4 entry daha
  • başkalarının mutluluğundan rahatsız olmak ya da olmamak hali, bireyin bu dünyada konumlanışına dair büyük bir ipucu veren durum. resmen 'tarafını seçmek' ile ilgili.

    dünya üzerindeki istisnasız her insan, gerçek mutluluk anlarının peşinde. gerçek mutluluğu tamamen ve sürekli olarak elde etmek sadece ütopya. yani insanlara dışarıdan baktığınızda, sizden daha iyi durumdaymış gibi gelebilirler. ama bütün bu sıradanlığın içinde, ne koşullar altında olursak olalım her birimiz zavallıyız. hayatın yükseldiği çok az mutluluk anı var. bu anları asla yakalamamış olmak ya da yakalayamayacak olmak da tam bir distopya aslında. iki uç da, sürekliliği olmaması sebebiyle, olanaksızlık barındırıyor. insan sonsuza kadar, sürekli mutlu olamaz, yine aynı şekilde, mutlu da olamaz.

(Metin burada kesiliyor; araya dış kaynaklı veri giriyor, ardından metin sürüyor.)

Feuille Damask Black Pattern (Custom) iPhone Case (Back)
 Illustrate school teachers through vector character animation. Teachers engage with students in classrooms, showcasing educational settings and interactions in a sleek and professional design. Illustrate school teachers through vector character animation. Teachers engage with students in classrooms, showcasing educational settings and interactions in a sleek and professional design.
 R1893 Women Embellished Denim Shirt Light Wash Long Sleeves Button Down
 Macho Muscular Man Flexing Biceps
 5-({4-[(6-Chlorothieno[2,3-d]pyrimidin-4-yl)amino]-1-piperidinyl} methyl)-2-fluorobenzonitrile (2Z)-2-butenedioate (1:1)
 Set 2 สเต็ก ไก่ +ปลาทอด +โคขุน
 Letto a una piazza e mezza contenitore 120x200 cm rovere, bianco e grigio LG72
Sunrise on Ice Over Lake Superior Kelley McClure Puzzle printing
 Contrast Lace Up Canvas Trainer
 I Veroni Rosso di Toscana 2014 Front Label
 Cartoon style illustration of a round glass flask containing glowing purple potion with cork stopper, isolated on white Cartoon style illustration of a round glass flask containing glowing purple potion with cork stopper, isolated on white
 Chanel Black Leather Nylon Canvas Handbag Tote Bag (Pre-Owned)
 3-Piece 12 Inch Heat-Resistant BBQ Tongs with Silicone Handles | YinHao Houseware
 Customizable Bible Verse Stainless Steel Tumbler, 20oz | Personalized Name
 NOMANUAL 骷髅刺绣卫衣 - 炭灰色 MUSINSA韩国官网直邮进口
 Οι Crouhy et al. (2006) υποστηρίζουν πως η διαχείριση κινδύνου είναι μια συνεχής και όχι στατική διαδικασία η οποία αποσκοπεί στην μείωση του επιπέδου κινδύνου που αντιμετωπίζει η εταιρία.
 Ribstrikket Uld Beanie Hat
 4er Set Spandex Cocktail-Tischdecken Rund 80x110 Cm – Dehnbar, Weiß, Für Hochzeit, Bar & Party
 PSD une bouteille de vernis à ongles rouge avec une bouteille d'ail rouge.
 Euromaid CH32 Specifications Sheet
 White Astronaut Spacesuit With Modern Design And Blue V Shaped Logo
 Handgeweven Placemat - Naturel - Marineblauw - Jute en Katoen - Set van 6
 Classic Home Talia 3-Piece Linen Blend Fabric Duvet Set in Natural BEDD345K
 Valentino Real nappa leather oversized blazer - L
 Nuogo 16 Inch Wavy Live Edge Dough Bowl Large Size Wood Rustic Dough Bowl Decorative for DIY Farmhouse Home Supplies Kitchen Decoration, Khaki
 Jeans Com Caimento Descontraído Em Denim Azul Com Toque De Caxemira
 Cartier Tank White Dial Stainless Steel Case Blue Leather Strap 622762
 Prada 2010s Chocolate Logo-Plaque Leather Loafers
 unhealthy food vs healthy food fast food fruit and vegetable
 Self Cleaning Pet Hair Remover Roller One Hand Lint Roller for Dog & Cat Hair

    çoğu zaman bir distopyanın içine düşmüşüz gibi yaşantıladığımız hayatta, bazı mutluluk anlarını yakaladık mı, sosyal bir varlık olarak bunu bir şekilde çevremize ilan etme eğiliminde oluyoruz. nispet yapmaktan ya da karşındaki insan mutsuzluğa gömülmüşken sinir bozmaktan bahsetmiyorum. söylediğim daha çok o anları yakaladığımızda oluşan 'bak benim başıma geldi, senin de gelir' umudunu aşılama arzusu. bireysel düzeyde de değil üstelik bir tek, ilan etme, paylaşma, duyurma isteği. dünyayı daha iyi bir yermiş gibi görebilsek, daha iyi bir yer olabilir.

    fakat ne yazık ki, en başında dediğim gibi, insanın konumlanışı çok önemli. insanlara, yaşadıkları dünyanın bir parça da olsa sorumluluğunu almaktan daha kolay gelen bir şey var. 'kötü' tarafta konumlanmak. melankolinin boğuculuğu içinde küçük bir an, ufak bir şey yakalamış naif pozisyondakiler, 'bak benim başıma geldi' diye ilan etmek istiyor. zannediyorlar ki, bir yerde daralarak boğulan biri varsa, ötekinin başına gelen o 'an'da umut bulur. çünkü kendileri, umut bulmuştu. ama onlar umut bulmuyor. onların bulduklarına umuttan ziyade haset denir.

    mutlu olmaktan çok daha öncelikli bir şey var yapmamız gereken. iyi insan olmak. bu, o kadar da zor olmamalı. ama görüyorum ki o kadar da zor. e öyleyse, ben iki tarafta da konumlanmayı reddederek, burada lafı halil cibrana bırakıyorum,

    “gez ve kimseye söyleme
    gerçek bir aşk hikayesi yaşa, kimseye söyleme.
    mutlu ol, kimseye söyleme
    insanlar güzel şeyleri mahveder.”